We first spoke with Bernstein, director of public relations and media management at Drake University, back in 2010, just after he started thepeskydiner.com, a blog dedicated to “Des Moines-area restaurant goers whose menu choices are limited to dietary restrictions.” It was when our restaurant scene was taking off, and “vegetarian” options were growing from plain pasta or salad only, into unique, meat-free dishes. Today, the blog is still going strong, so we checked in to see how Des Moines has changed in the past two years, and what he’s still looking forward to.
Q: First, can you explain the rules of eating kosher?
“Kosher is the dietary guideline to Judaism. On a practical level, it means not eating dairy or meat in the same meal. It also means not eating meat that doesn’t come from a kosher animal, such as pigs. And any meat I do eat has to be certified kosher, which means the animal was slaughtered in a certain way. Fish, however, is not considered meat, although some varieties of fish are not kosher to eat.”

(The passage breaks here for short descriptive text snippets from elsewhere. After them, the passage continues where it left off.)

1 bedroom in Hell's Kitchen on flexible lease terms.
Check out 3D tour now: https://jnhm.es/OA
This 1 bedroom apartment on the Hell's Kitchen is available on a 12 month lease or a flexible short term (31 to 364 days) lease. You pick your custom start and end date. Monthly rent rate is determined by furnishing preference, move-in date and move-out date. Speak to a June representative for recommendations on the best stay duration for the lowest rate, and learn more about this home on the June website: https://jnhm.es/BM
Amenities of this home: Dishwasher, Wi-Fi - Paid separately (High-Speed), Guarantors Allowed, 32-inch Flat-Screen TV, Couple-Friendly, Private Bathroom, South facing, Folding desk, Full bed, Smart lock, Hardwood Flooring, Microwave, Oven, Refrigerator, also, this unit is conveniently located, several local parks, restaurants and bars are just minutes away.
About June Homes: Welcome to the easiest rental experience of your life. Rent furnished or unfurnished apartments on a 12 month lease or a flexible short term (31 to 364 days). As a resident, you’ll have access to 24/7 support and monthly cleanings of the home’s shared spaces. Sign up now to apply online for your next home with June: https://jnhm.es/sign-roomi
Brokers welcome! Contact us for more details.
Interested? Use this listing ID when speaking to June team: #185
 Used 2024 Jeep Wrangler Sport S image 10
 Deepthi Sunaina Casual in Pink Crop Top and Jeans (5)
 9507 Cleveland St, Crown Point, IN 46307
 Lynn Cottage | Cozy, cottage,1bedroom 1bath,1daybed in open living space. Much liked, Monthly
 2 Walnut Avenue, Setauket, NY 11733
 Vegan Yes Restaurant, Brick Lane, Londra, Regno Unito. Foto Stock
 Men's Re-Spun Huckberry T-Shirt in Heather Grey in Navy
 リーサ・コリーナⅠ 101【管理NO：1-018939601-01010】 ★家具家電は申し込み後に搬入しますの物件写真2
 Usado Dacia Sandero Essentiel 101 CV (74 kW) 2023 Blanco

Q: How big of a challenge is it to eat kosher when you go out to eat?
“Well, since there is only one place in Des Moines to buy meat that is certified kosher — Maccabee’s Deli — I’m basically limited to a vegetarian diet when I go out to eat.”
Q: Do you wish we had more options for kosher dining?
“It would be great to have, but we don’t have the market right now to support it. Plus, certified kosher meat is expensive. It’s not necessarily a higher quality meat, but it’s the time and process used to slaughter an animal that makes it more expensive. It’s a hard sell to convince someone to buy a $10 kosher-certified pastrami sandwich versus a $6 regular pastrami sandwich.”
Q: What do you think of Des Moines’ options for vegetarians?
“Compared to when I moved here about five years ago, there are many more vegetarian options that have popped up. It used to be that you could only eat pasta with a plain sauce or a simple salad, but now there is a more intentional focus on vegetarian meals. They aren’t a second thought anymore, they are actually well-rounded meals. I love what George Formaro is doing with meatless Mondays, and even the Iowa State Fair had better options this year, like a mock tenderloin and a veggie gyro. I’m sure I’m in the minority for eating vegetarian for religious reasons, but there are plenty of people making the change for dietary and animal rights reasons that are a big driving force for Des Moines’ scene.”
Q: When we spoke to you last, you named Maccabee’s, A Dong, Gateway Market, Thai Flavors and RedRossa as a few of your favorite restaurants. Do you have any new regular spots?
“I love Gusto Pizza, and Americana’s weekend brunch has enough vegetarian options to blow anyone’s diet. I also love Tacopocalypse — Sam has done an amazing thing with his veggie chorizo.”
Q: You mentioned the Iowa State Fair had a decent amount of vegetarian options this year. What did you eat?
“I had a hard boiled egg on-a-stick — my ‘free fair favorite.’ I also had deep fried pineapple, a veggie corn dog, onion rings… Definitely not a healthy list by any means!”